**WORK INSTRUCTIONS**
In the material below, find the line that contains "Romantic gold pendant with amber heart" and the line that contains "A man is ironing in the dark room", then write out exactly those two lines and everything between them.

--- START ---

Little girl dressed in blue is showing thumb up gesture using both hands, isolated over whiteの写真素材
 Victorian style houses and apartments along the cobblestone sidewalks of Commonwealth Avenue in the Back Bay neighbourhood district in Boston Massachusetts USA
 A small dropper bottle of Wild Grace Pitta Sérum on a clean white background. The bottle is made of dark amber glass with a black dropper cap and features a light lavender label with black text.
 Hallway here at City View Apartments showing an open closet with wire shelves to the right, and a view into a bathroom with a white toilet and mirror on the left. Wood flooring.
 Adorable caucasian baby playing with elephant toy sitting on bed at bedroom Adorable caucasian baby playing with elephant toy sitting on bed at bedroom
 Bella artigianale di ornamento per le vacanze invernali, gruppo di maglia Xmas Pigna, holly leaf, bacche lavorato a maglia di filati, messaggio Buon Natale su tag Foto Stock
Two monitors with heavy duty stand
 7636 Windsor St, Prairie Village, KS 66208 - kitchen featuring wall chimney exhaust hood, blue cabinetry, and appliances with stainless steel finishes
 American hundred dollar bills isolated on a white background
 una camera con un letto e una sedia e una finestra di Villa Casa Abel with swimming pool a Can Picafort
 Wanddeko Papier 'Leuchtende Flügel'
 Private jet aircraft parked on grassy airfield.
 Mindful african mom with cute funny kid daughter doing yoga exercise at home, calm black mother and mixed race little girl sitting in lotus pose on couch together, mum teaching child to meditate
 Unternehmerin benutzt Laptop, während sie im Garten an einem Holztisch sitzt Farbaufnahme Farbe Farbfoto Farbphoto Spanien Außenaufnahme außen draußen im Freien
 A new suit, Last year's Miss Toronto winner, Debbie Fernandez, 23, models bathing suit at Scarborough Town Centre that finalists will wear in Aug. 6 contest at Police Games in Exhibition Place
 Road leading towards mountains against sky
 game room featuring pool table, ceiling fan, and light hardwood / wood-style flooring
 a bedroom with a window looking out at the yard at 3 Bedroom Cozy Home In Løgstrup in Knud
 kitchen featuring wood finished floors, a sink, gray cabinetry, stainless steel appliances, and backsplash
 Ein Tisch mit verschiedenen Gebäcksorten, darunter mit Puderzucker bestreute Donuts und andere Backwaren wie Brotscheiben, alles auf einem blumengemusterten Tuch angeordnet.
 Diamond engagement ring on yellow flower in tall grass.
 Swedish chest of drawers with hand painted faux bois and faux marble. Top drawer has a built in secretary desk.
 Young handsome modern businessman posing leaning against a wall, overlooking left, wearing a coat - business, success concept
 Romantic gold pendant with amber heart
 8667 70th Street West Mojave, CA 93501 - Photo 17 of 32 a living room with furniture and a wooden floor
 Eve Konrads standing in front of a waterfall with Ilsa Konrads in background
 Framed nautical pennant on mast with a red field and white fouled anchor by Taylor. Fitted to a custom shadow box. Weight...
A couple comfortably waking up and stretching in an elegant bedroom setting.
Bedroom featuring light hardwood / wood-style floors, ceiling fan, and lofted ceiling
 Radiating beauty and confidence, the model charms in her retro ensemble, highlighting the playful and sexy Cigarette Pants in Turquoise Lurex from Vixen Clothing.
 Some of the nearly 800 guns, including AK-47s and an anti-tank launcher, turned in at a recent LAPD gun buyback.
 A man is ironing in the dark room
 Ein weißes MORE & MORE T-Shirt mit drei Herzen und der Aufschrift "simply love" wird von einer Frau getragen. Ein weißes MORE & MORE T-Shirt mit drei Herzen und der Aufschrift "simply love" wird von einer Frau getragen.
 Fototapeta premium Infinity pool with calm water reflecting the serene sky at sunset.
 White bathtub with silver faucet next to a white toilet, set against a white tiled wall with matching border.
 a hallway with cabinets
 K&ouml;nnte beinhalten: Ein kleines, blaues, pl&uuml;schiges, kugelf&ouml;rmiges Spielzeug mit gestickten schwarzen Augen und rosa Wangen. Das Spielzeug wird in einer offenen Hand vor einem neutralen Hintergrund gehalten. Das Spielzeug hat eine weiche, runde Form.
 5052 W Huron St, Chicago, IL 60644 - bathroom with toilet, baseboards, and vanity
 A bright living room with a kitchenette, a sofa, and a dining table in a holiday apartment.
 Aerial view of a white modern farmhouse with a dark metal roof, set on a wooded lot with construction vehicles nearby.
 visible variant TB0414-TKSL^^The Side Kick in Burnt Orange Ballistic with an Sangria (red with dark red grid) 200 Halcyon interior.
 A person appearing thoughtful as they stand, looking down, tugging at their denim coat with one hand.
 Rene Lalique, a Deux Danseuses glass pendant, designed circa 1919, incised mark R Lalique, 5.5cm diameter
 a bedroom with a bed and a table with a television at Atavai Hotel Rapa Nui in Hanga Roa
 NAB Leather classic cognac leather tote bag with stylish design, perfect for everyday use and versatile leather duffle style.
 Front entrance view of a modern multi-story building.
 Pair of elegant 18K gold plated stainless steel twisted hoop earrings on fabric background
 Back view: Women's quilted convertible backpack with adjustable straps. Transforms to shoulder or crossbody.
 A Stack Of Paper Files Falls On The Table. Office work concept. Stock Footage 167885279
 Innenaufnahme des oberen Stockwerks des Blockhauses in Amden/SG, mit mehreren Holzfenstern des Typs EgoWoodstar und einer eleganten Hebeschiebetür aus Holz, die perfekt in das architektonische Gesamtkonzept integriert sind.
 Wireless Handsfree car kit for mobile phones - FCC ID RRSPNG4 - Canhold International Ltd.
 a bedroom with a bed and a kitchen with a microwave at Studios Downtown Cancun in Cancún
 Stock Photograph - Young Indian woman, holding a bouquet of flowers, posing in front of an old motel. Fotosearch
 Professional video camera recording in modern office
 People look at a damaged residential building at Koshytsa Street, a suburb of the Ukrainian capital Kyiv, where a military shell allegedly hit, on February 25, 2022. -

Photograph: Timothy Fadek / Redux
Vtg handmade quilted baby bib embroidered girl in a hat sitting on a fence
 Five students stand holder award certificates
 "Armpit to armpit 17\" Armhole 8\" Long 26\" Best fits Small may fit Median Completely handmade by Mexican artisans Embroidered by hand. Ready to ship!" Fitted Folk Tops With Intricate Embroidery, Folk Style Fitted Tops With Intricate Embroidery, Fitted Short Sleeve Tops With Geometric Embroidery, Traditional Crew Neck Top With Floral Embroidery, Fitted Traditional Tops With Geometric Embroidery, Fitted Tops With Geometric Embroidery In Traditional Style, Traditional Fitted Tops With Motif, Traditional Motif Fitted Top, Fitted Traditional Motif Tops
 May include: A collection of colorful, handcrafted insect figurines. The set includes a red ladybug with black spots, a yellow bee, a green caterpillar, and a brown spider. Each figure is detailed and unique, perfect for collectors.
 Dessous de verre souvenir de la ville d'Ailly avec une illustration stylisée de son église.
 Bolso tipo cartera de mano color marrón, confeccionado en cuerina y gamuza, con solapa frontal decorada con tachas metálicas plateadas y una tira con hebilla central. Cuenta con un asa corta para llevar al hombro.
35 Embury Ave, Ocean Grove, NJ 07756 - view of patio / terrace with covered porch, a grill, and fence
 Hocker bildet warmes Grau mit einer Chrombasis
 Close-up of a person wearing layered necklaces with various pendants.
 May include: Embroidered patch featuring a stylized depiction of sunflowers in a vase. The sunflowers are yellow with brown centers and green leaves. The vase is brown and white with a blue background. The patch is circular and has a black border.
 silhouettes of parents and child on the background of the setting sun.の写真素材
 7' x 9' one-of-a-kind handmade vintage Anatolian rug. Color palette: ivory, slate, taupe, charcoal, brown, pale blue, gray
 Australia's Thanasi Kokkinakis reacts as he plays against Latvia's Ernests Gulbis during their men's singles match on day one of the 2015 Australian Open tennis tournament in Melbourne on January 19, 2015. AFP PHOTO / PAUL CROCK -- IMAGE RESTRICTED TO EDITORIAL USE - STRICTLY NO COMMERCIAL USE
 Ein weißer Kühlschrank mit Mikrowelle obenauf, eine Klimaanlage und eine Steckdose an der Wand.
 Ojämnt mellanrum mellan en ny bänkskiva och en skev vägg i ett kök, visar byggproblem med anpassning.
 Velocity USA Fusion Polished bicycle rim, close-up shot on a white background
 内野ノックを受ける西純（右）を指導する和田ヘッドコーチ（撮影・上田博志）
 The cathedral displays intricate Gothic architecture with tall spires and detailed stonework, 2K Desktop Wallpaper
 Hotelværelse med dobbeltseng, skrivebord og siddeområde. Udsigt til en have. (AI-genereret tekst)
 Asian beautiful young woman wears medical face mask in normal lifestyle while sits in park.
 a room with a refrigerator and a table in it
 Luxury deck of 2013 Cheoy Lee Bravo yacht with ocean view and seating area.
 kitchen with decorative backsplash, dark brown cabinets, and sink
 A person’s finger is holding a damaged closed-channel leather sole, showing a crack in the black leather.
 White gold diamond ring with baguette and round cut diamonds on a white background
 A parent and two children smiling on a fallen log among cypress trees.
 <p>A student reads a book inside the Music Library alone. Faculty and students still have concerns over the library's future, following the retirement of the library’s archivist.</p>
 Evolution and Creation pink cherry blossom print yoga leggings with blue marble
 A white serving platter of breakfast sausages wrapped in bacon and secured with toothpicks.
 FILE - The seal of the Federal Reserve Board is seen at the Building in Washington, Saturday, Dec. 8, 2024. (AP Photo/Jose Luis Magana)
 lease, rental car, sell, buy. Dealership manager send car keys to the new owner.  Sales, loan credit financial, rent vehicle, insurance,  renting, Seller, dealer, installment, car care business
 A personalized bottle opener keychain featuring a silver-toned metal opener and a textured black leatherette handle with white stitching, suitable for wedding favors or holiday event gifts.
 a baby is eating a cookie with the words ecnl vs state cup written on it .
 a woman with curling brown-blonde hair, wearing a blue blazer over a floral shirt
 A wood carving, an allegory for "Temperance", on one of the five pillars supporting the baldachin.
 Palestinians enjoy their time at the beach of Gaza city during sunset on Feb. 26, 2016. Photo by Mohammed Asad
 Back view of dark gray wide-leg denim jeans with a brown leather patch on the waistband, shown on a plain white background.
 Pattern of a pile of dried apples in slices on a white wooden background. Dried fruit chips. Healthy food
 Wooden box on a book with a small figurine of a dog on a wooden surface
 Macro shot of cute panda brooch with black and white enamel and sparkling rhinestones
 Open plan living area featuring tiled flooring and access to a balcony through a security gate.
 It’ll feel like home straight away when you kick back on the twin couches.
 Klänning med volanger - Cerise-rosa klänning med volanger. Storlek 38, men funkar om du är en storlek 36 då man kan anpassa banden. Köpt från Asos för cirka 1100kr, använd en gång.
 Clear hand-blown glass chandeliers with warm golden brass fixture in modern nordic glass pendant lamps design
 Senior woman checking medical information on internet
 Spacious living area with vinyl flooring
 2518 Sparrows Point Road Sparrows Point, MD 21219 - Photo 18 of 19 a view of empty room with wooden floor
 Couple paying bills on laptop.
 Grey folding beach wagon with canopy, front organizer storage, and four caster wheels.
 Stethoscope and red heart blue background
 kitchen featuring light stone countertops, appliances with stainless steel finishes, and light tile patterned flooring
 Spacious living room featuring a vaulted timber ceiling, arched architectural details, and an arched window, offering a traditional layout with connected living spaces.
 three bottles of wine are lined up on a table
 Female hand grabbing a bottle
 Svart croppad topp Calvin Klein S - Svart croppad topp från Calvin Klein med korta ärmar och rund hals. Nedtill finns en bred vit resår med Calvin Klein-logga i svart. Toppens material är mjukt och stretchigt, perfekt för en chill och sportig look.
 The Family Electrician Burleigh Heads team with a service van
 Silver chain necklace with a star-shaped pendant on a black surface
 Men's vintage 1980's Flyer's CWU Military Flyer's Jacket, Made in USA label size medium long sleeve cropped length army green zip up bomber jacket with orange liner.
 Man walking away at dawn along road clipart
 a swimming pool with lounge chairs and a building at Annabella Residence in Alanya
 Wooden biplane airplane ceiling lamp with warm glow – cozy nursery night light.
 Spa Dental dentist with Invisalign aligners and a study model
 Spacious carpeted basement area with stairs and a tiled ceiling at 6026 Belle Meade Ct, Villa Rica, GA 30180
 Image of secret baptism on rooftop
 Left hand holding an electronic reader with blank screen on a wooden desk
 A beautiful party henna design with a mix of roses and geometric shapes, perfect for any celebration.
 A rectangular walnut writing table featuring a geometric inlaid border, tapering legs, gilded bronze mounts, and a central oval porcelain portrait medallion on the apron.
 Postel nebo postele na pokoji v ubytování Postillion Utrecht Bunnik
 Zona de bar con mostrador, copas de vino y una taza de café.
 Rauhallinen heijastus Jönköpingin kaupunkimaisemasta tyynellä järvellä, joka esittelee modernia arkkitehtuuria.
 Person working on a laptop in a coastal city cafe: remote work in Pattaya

--- END ---

**COMPLETED TASK**
 Romantic gold pendant with amber heart
 8667 70th Street West Mojave, CA 93501 - Photo 17 of 32 a living room with furniture and a wooden floor
 Eve Konrads standing in front of a waterfall with Ilsa Konrads in background
 Framed nautical pennant on mast with a red field and white fouled anchor by Taylor. Fitted to a custom shadow box. Weight...
A couple comfortably waking up and stretching in an elegant bedroom setting.
Bedroom featuring light hardwood / wood-style floors, ceiling fan, and lofted ceiling
 Radiating beauty and confidence, the model charms in her retro ensemble, highlighting the playful and sexy Cigarette Pants in Turquoise Lurex from Vixen Clothing.
 Some of the nearly 800 guns, including AK-47s and an anti-tank launcher, turned in at a recent LAPD gun buyback.
 A man is ironing in the dark room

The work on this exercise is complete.